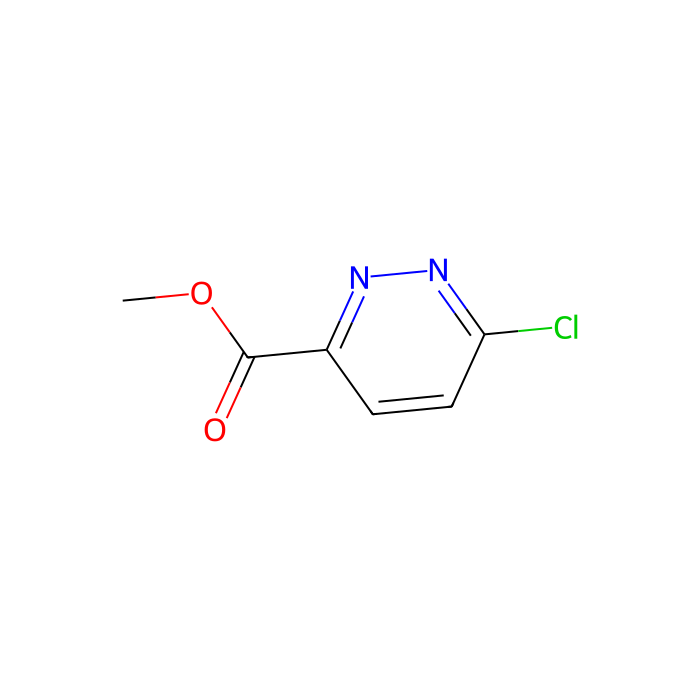 6-氯哒嗪-3-羧酸甲酯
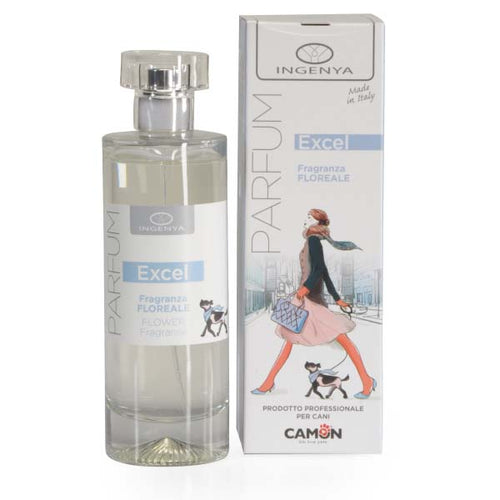 INGENYA Parfem za pse i macke Excel, s mirisom cveca 100ml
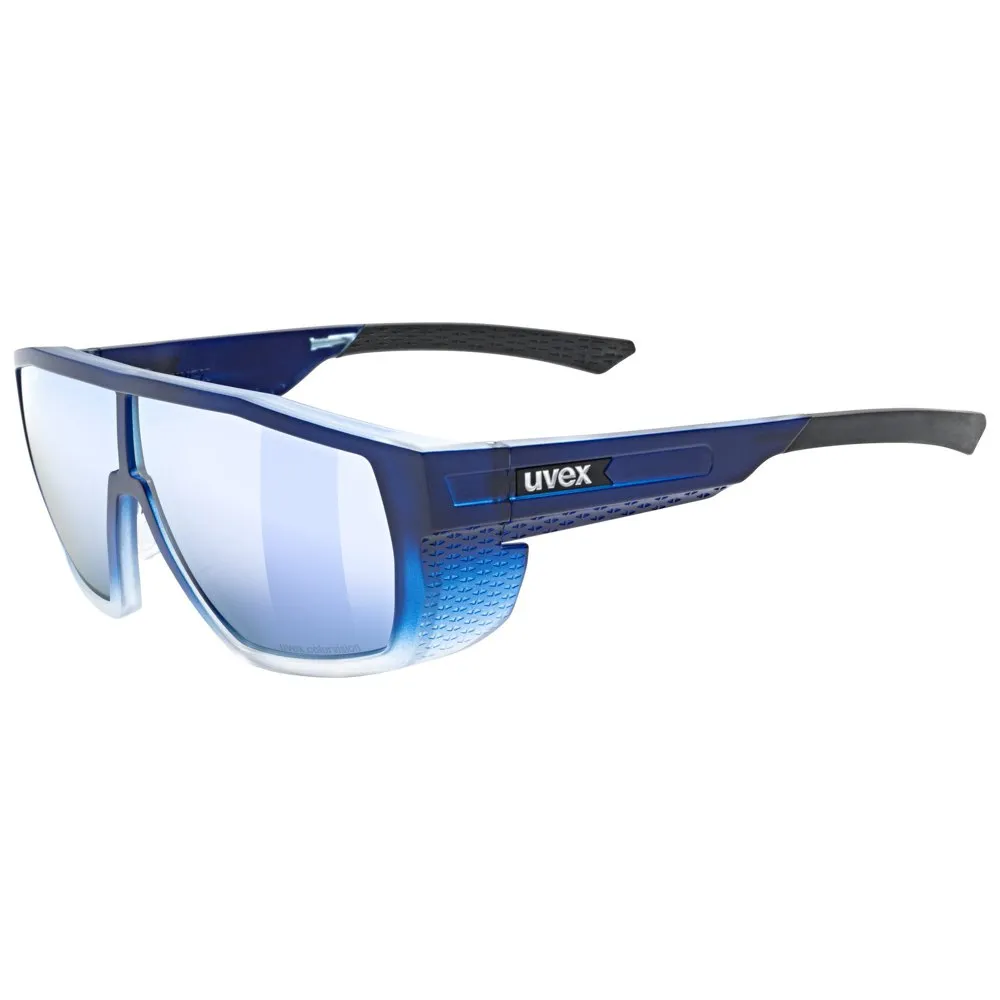 Uvex Mtn Style Colorvision Zonnebril Blauw
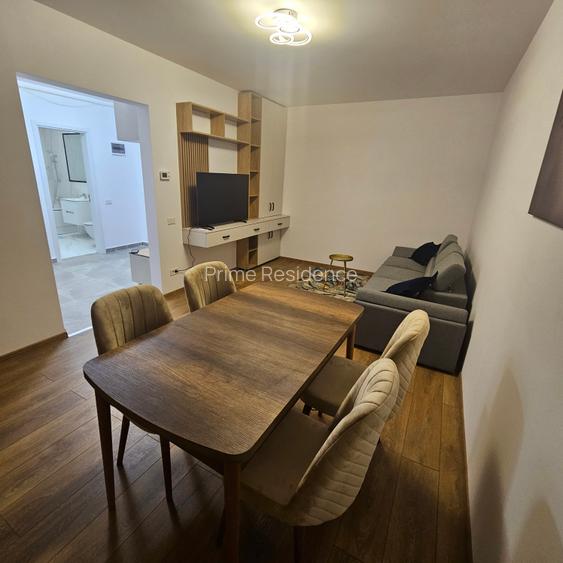 Apartment de 2 camere,60 mp utili,mobilat si utilat complet nou,Fundeni. - 2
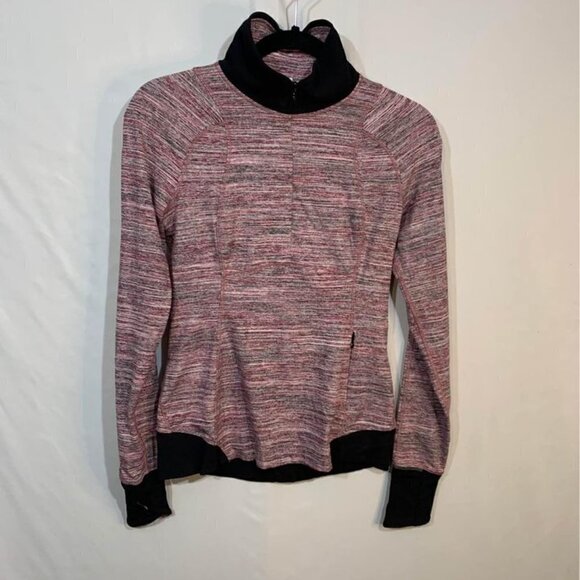 Copy - 𝅺LULULEMON pullover. 1/4 zip size 6. Excellent condition. - Picture 10 of 10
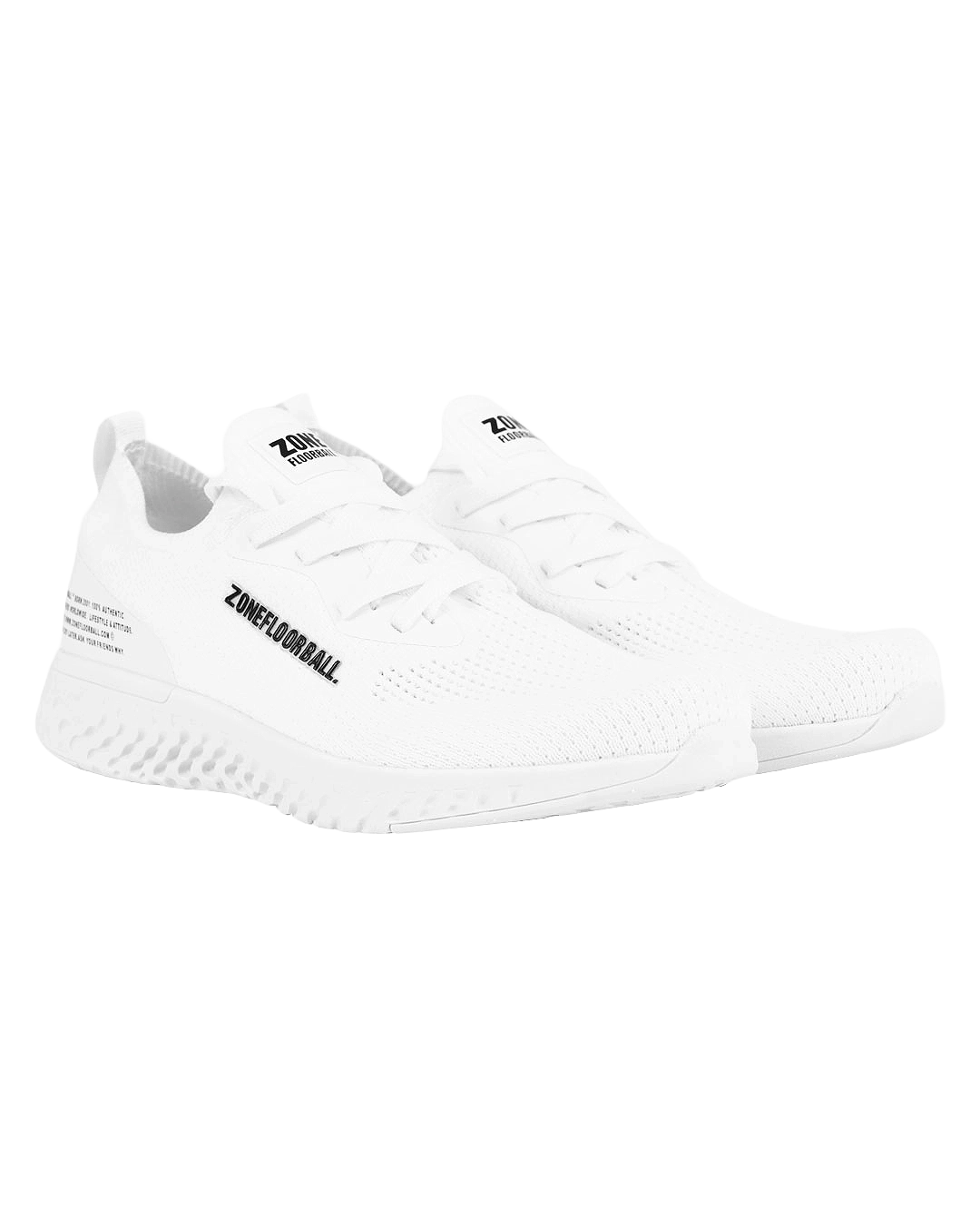 TRAINER LIGHTWEIGHT WHITE-rollover image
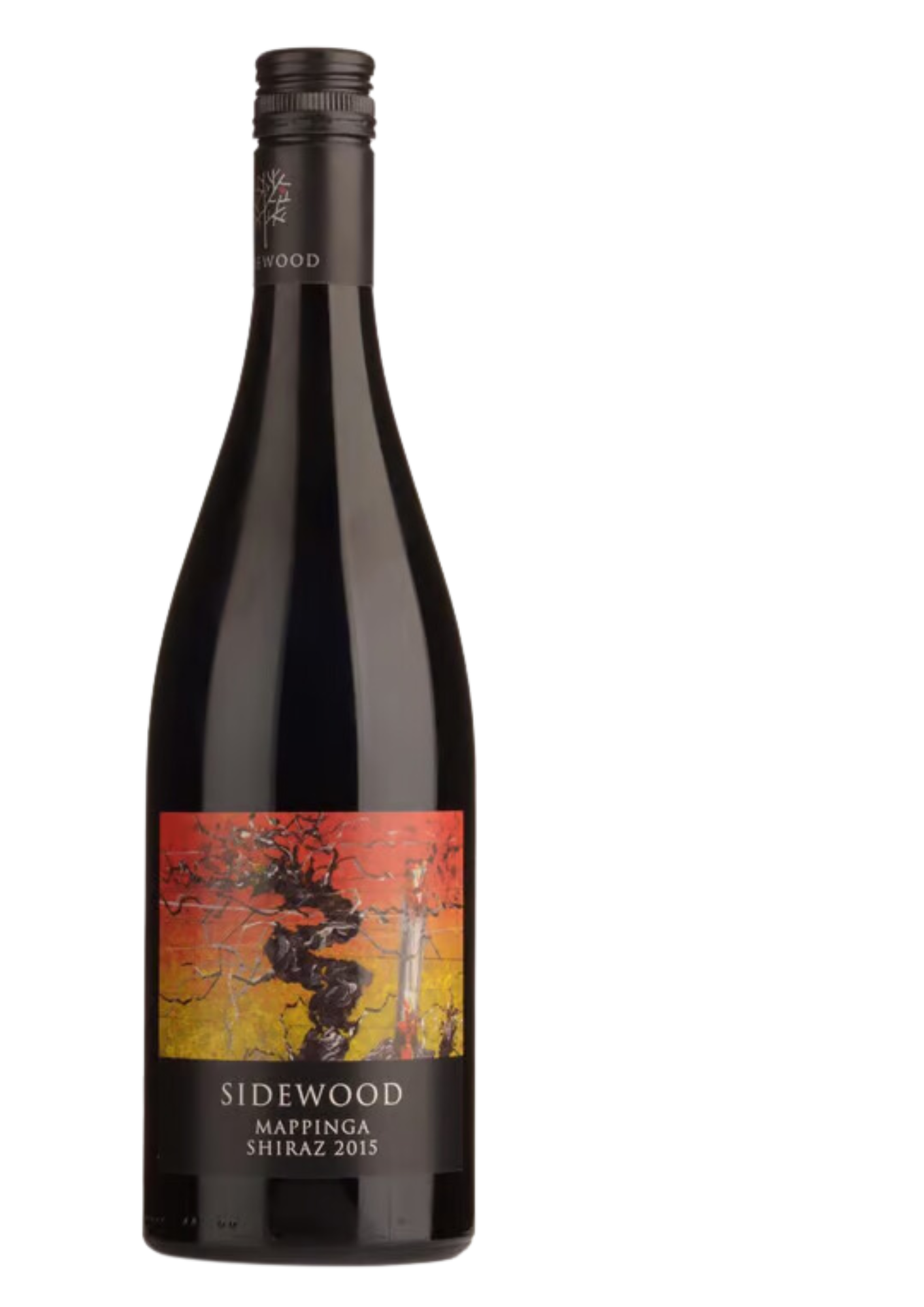 Sidewood Mappinga Shiraz 2015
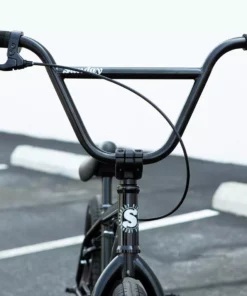 Sunday Scout 20.75"TT BMX Bike-Gloss Black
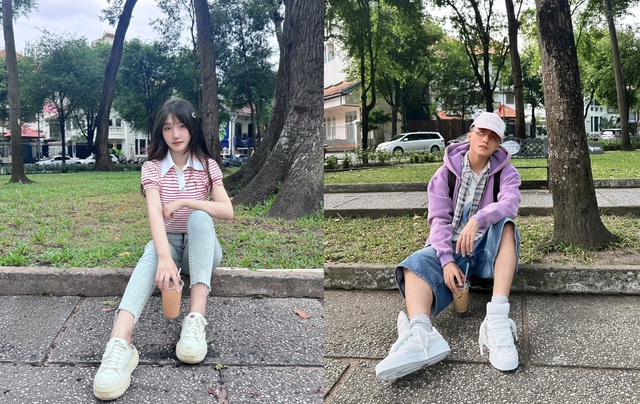 Nữ cosplayer xinh đẹp, có gương mặt cực giống Sơn Tùng M-TP làm điều đặc biệt khi đến Việt Nam khiến fan phấn khích- Ảnh 7. Nữ cosplayer xinh đẹp, có gương mặt cực giống Sơn Tùng M-TP làm điều đặc biệt khi đến Việt Nam khiến fan phấn khích- Ảnh 7.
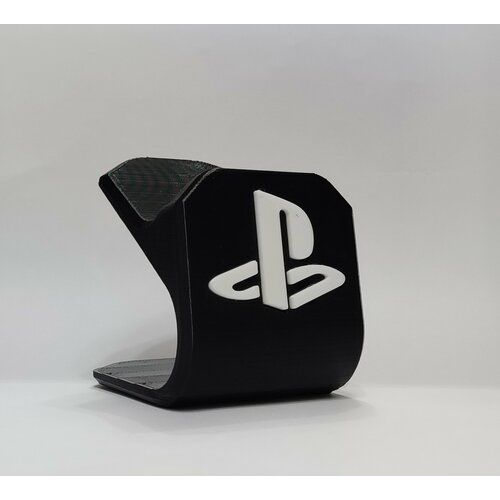 Подставка для геймпада/ джойстика Dualsense PS5 защитная накладка для ps5 и геймпада dualsense версия с диском цвет красный tp5 1527red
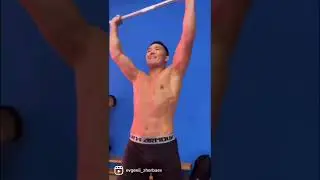Евгений Жербаев. Урагшаа!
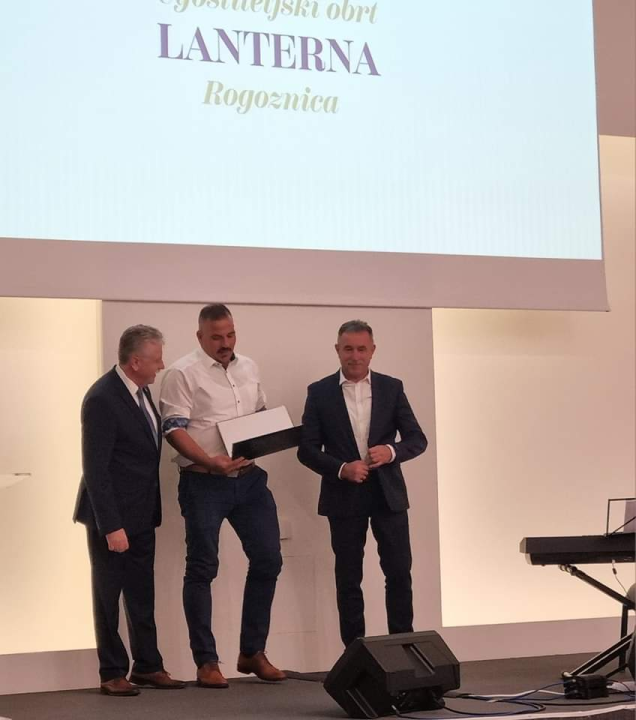 Šibenski obrtnici proslavili 55. obljetnicu udruženja uz svečanu dodjelu Zlatnog bagatina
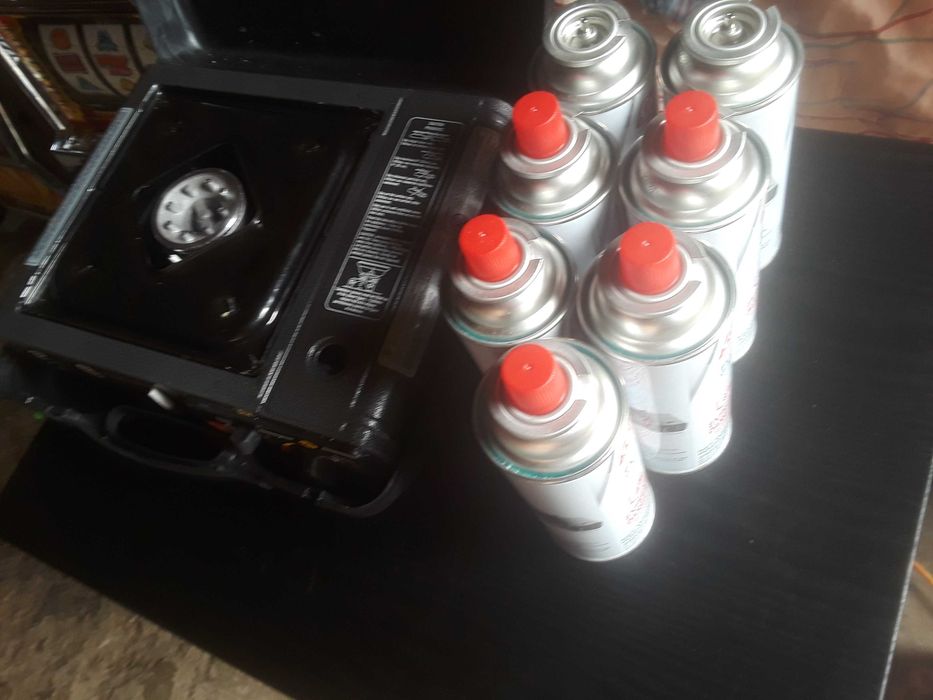 Aragaz pentru Camping- COLEMAN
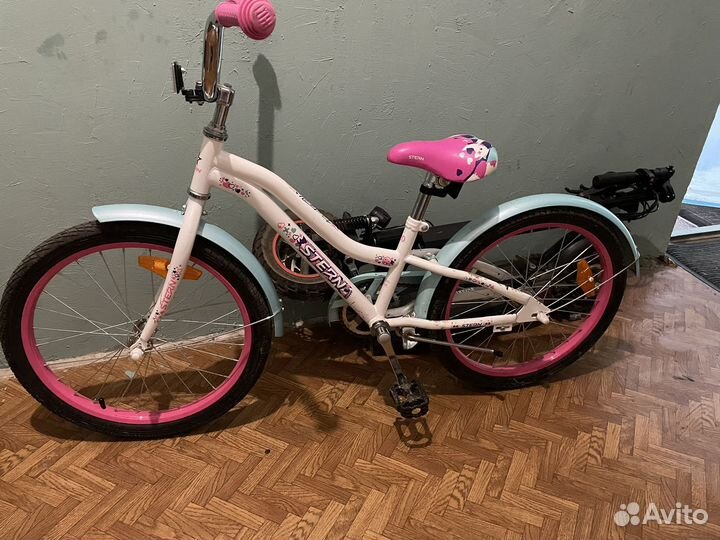 Детский велосипед stern 20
+---+
_Problem to solve_
Please write out, word for word, only the lines from the one holding "Copy - 𝅺LULULEMON" through the end of the records above, with both end lines included and the pictures dropped.

_Expected answer_
 Copy - 𝅺LULULEMON pullover. 1/4 zip size 6. Excellent condition. - Picture 10 of 10
 TRAINER LIGHTWEIGHT WHITE-rollover image
 Sidewood Mappinga Shiraz 2015
 Sunday Scout 20.75"TT BMX Bike-Gloss Black
 Nữ cosplayer xinh đẹp, có gương mặt cực giống Sơn Tùng M-TP làm điều đặc biệt khi đến Việt Nam khiến fan phấn khích- Ảnh 7. Nữ cosplayer xinh đẹp, có gương mặt cực giống Sơn Tùng M-TP làm điều đặc biệt khi đến Việt Nam khiến fan phấn khích- Ảnh 7.
 Подставка для геймпада/ джойстика Dualsense PS5 защитная накладка для ps5 и геймпада dualsense версия с диском цвет красный tp5 1527red
Евгений Жербаев. Урагшаа!
 Šibenski obrtnici proslavili 55. obljetnicu udruženja uz svečanu dodjelu Zlatnog bagatina
 Aragaz pentru Camping- COLEMAN
 Детский велосипед stern 20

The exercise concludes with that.